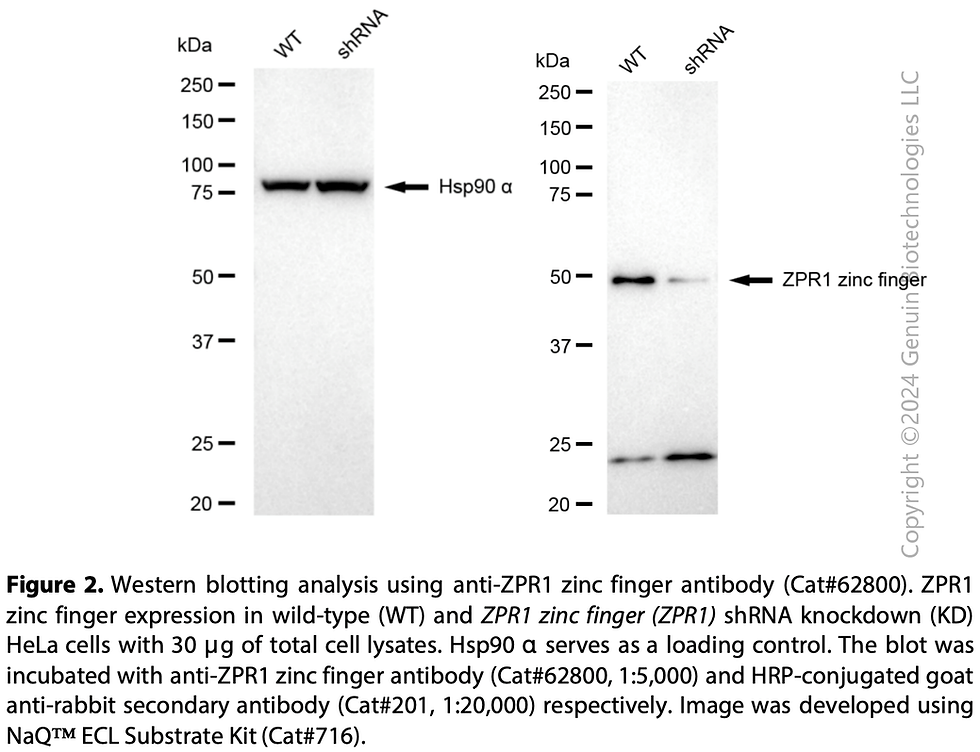 Thumbnail: KD-Validated Anti-ZPR1 Zinc Finger Rabbit Monoclonal Ab#62800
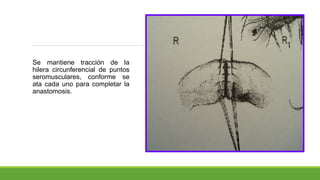 Se mantiene tracción de la
hilera circunferencial de puntos
seromusculares, conforme se
ata cada uno para completar la
anastomosis.
 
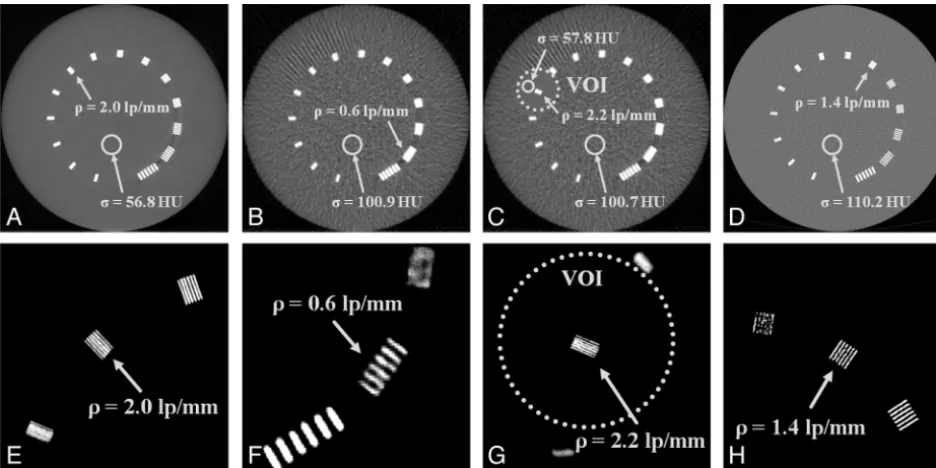 Fig 2. Measurements of a bar pattern phantom to determine spatial resolution (Detailed images of the respective resolution bar pattern (center(�) and image noise (�)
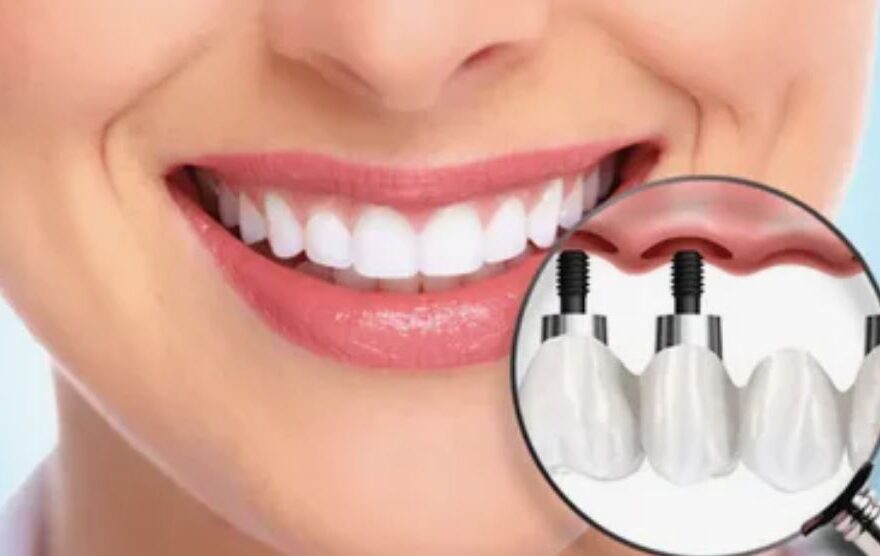 dental implants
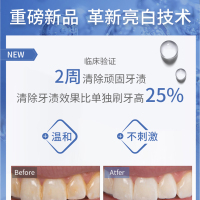 Waterpik洁碧家用冲牙器亮白去渍洗牙器水牙线去牙结石GT5-1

- - -

The lines to restate word for word run from the line that contains "hilera circunferencial de puntos" through the end of the entries above, both ends included. Leave out all pictures and write nothing else.

### Task response
hilera circunferencial de puntos
seromusculares, conforme se
ata cada uno para completar la
anastomosis.
 
 Fig 2. Measurements of a bar pattern phantom to determine spatial resolution (Detailed images of the respective resolution bar pattern (center(�) and image noise (�)
 dental implants
 Waterpik洁碧家用冲牙器亮白去渍洗牙器水牙线去牙结石GT5-1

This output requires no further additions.